ACTIVITY: For this exercise, repeat exactly the lines below starting at the line holding "Cut fresh ripe" and ending at the line holding "A Set Of four", both included, with no extra lines and no pictures.

BEGIN DATA EXTRACT

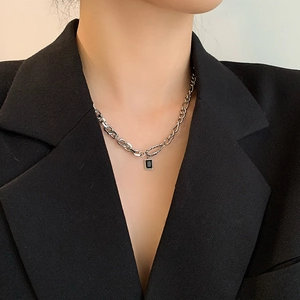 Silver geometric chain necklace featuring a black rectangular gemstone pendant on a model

END DATA EXTRACT
BEGIN DATA EXTRACT

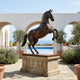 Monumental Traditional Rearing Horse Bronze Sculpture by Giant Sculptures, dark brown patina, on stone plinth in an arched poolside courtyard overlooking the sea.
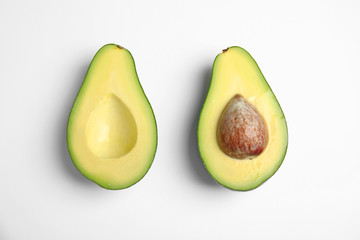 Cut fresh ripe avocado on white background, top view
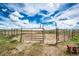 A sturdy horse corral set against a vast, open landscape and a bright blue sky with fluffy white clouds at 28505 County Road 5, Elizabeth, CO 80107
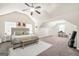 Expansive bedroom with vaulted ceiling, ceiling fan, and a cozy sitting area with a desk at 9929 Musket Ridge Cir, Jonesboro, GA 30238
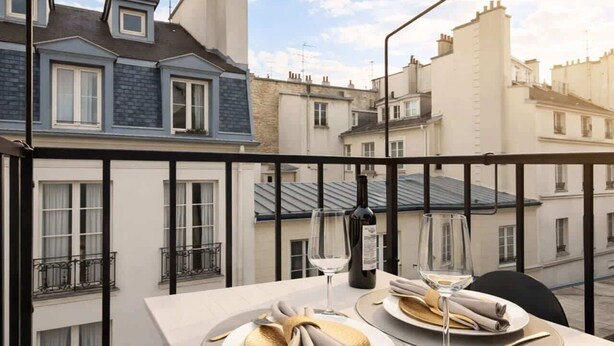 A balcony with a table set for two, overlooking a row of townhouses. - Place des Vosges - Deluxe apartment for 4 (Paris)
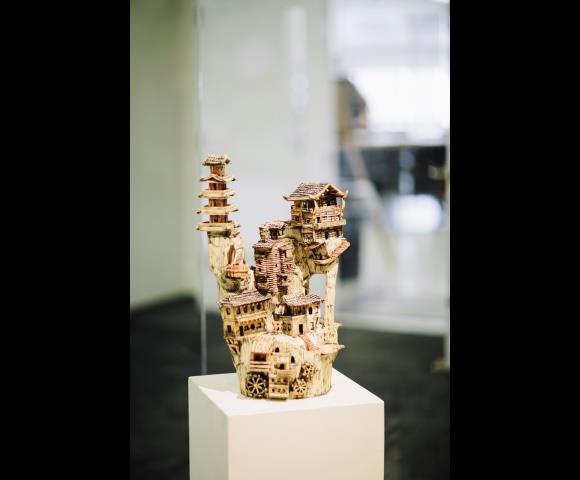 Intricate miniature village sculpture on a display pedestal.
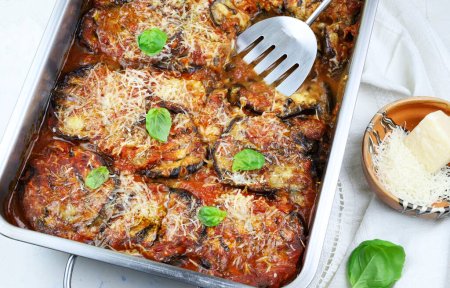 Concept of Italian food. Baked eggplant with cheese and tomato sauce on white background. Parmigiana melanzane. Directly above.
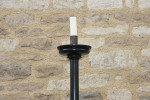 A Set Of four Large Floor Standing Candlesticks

END DATA EXTRACT

FINISHED TASK:
 Cut fresh ripe avocado on white background, top view
 A sturdy horse corral set against a vast, open landscape and a bright blue sky with fluffy white clouds at 28505 County Road 5, Elizabeth, CO 80107
 Expansive bedroom with vaulted ceiling, ceiling fan, and a cozy sitting area with a desk at 9929 Musket Ridge Cir, Jonesboro, GA 30238
 A balcony with a table set for two, overlooking a row of townhouses. - Place des Vosges - Deluxe apartment for 4 (Paris)
 Intricate miniature village sculpture on a display pedestal.
 Concept of Italian food. Baked eggplant with cheese and tomato sauce on white background. Parmigiana melanzane. Directly above.
 A Set Of four Large Floor Standing Candlesticks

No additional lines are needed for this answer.